Belangrijke Nederlandse partners spelen een rol in het stimuleren van innovatie op de WHS. Dutch Relief Alliance leden namen deel aan bijvoorbeeld de Round Table on Energy and Refugees waar onder andere is gesproken over de mogelijkheden duurzame energie innovatief in te zetten om de noden in vluchtelingenkampen te verlichten.
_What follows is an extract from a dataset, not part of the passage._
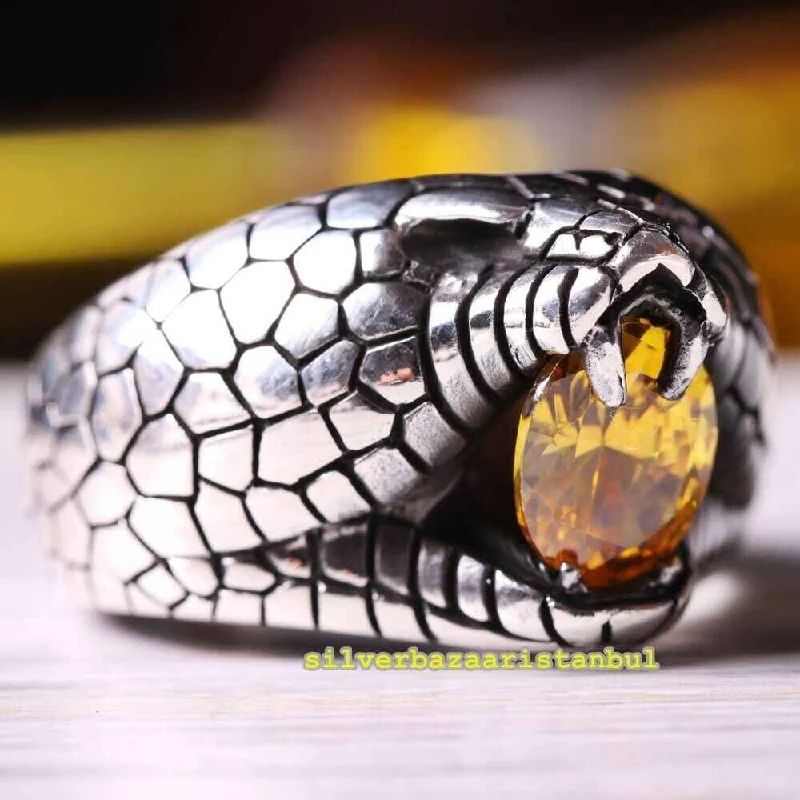 Roaring Lion Handmade Citrine Stone 925 Sterling Silver Mens Ring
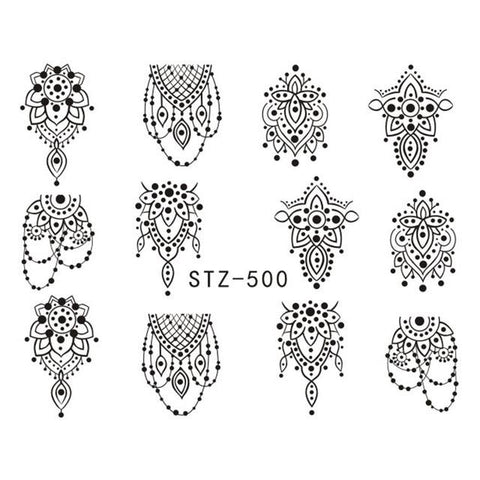 1PCS Summer Harajuku Element Fruit Retro Cake Lace Water Transfer Nail Art Sticker Decal Slider Manicure Tool Tips JISTZ489-500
Daarnaast verkent de Dutch Relief Alliance de mogelijkheden om humanitaire hulpgoederen te laten produceren door sociale werkplaatsen in Nederland.8

Nederland spant zich in voor een succesvolle WHS, met concrete resultaten voor kwetsbare mensen voor wie een effectief en efficiënt humanitair systeem van levensbelang is.

De Minister voor Buitenlandse Handel en Ontwikkelingssamenwerking, E.M.J. Ploumen


X Noot
1

Toezegging d.d. 27 januari 2016 (Kamerstuk 33 625, nr. 206) betreffende de relatie tussen Seksuele Reproductieve Gezondheid en Rechten en vluchtelingenproblematiek, alsmede Kamerstuk 32 605, nr. 179 motie van de leden Pia Dijkstra/Van Veldhoven over speciale aandacht voor het voorkomen van besnijdenis in vluchtelingenkampen

X Noot
2

Toezegging d.d. 27 januari 2016 (Kamerstuk 33 625, nr. 206) betreffende psychosociale zorg.

X Noot
3

Kamerstuk 34 300-XVII, nr.36 motie van de leden Van Laar/Voordewind over hulp aan de vluchtelingen met een beperking.

X Noot
4

Kamerstuk 32 605, nr. 181, motie van het lid Van Laar over inspanning om tekorten aan noodhulp te verminderen

X Noot
5

Toezegging d.d. 27 januari 2016 (Kamerstuk 33 625, nr. 206) betreffende mogelijkheden voor het betrekken van andere evaluatiediensten bij de beoordeling van de effectiviteit van humanitaire hulpverlening.

X Noot
6

Toezegging d.d. 27 januari 2016 (Kamerstuk 33 625, nr. 206) betreffende de mogelijkheden om de noodhulpsystematiek een meer verplichtend karakter te geven.

X Noot
7

Zoals aangegeven in Kamerstuk 32 605, nr. 153 d.d. 18 november 2014.

X Noot
8

Kamerstuk 34 300-XVII, nr. 42, motie van de leden Van Veldhoven/Van Laar over innovatieve duurzame oplossingen voor noodhulp.